*** Data in this exercise Section Begins ***
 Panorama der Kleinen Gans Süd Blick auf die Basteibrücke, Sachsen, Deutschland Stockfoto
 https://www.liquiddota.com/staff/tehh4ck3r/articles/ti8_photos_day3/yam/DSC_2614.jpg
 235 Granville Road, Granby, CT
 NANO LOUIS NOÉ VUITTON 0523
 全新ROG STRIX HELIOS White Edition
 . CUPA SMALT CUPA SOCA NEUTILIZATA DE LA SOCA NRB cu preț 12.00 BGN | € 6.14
*** Data in this exercise Section Ends ***
### Exercise brief:
Keeping every word and mark as it is, print the entries above.

### Expected answer:
 Panorama der Kleinen Gans Süd Blick auf die Basteibrücke, Sachsen, Deutschland Stockfoto
 https://www.liquiddota.com/staff/tehh4ck3r/articles/ti8_photos_day3/yam/DSC_2614.jpg
 235 Granville Road, Granby, CT
 NANO LOUIS NOÉ VUITTON 0523
 全新ROG STRIX HELIOS White Edition
 . CUPA SMALT CUPA SOCA NEUTILIZATA DE LA SOCA NRB cu preț 12.00 BGN | € 6.14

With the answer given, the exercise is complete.